PyeongChang 2018, valanga azzurra pronta a stupire
Tutto pronto per i Giochi olimpici invernali 2018, in programma a PyeongChang (Corea del Sud) dal 9 al 25 febbraio. Avvicinamento alla rassegna olimpica che è stato segnato dai forti segnali di disgelo tra le due Coree. E’ infatti arrivata la storica decisione di sfilare insieme, sotto un’unica bandiera, alla cerimonia di apertura dei Giochi e anche unire le forze di Corea del Sud e Corea del Nord schierando una squadra femminile di hockey su ghiaccio. Mossa simbolica che per molti significa l’inizio di una nuova era nelle relazioni diplomatiche tra Seul e Pyongyang.

Atlantia pronta ad alzare la posta su Abertis, focus anche su opportunità da privatizzazioni negli Usa
Settore infrastrutture in fermento tra scenari di M&A e prospettive di investimenti sempre più ingenti nei prossimi anni. In primo piano c’è soprattutto il maxi-piano per le infrastrutture fortemente voluto da Donald Trump per gli Usa e che dovrebbe ammontare a complessivi 1.700 miliardi di dollari nell’arco dei prossimi 10 anni. A questo si aggiunge il costante trend di crescita degli investimenti infrastrutturali che riguarda soprattutto l’Asia e in generale i Paesi emergenti.

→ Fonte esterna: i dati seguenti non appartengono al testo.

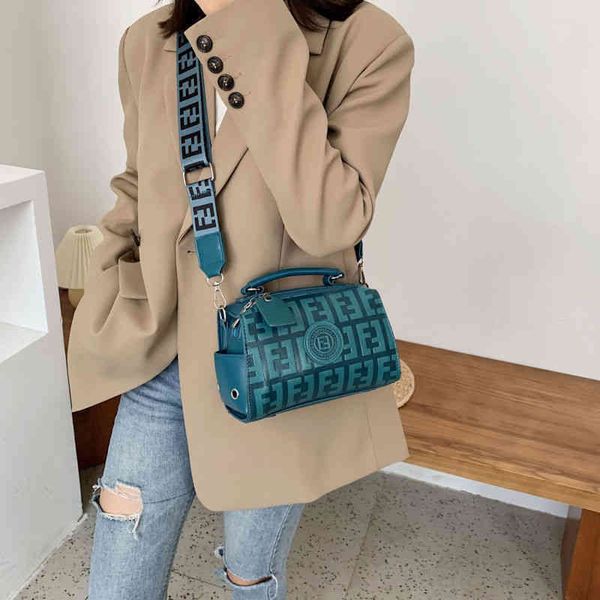 shoulder bags fashion high texture new korean red embossed popular foreign style ver
shoulder bags fashion high texture new korean red embossed popular foreign style ver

Tra i player globali figura anche l’italiana Atlantia che ha ambizioni di crescita all’estero e lo scorso anno ha lanciato l’offensiva per conquistare le autostrade di Abertis; l’obiettivo è di dare vita al leader mondiale nella gestione delle infrastrutture di trasporto con un portafoglio di asset diversificato in 19 paesi. Il deal Atlantia-Abertis andrebbe a creare un colosso con oltre 14.000 km di autostrade, 60 milioni di passeggeri negli aeroporti di Roma e Nizza, un Ebitda di 6,6 miliardi di euro e investimenti per 2,4 miliardi.
Atlantia deve fare i conti con la controfferta lanciata dalla spagnola ACS, di proprietà di Florentino Perez (presidente del Real Madrid) che attraverso la controllata Hochtief ha alzato la posta su Abertis. L’offerta studiata da ACS dovrà passare il vaglio dell’Antitrust Europea e Atlantia aspetta i prossimi sviluppi per valutare un rilancio su Abertis.
Non solo Europa. Lo sguardo è infatti rivolto alle possibili novità in arrivo da oltreoceano. La privatizzazione di alcune infrastrutture negli Stati Uniti non lascerebbe indifferenti i più grandi gestori di autostrade nel mondo e quindi la stessa Atlantia che già in passato ha mostrato il forte interesse verso gli Stati Uniti.